Conversations

A user might be involved in a conversation. You can only fetch the conversations that your user is involved in. You might want to display information to your user informing the status of the conversations (read/unread). It’s important to mark the conversation as read when you your user reads it.

Get Conversations for Inbox

GET /conversation/inbox/

Arguments - None

Returns all the conversations for the current user’s inbox, sorted by last active. Results are paginated.

Get Conversations for Archive

GET /conversation/archive/

Arguments - None

Returns the current user’s archived messages, sorted by last active.
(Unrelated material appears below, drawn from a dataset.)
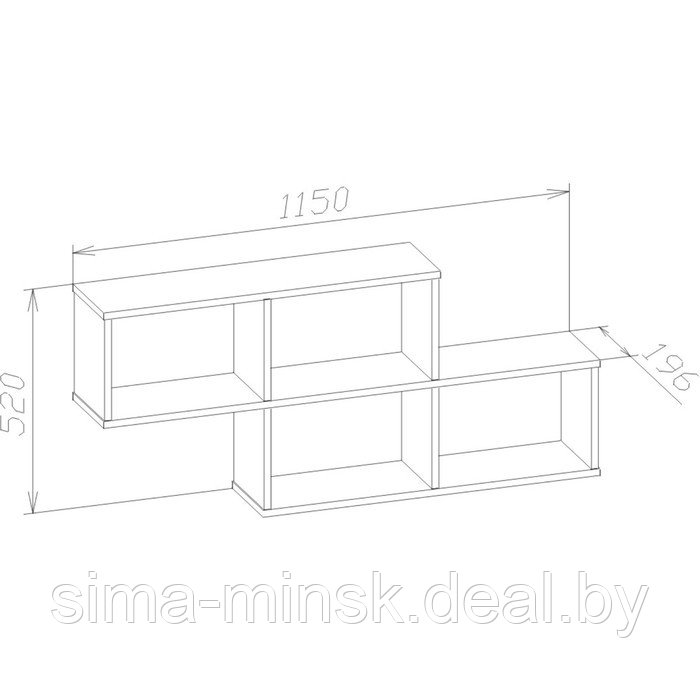 Полка настенная «ПК-3», 1150 × 196 × 520 мм, цвет дуб сонома - фото 2 - id-p187854644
Results are paginated.

Get One Conversation

GET /conversation/[id]/

You get some important fields:
has_unread_messages:
 shows if the currently logged in user have read all messages (true, false).
last_message:The last message from this conversation.
created_date:Date created this conversation.
recipients:A list of users, with all their information.
started_by:The user that started the conversation.
past_users_involved:
 A list of names of users that participated in this conversation but deleted their accounts.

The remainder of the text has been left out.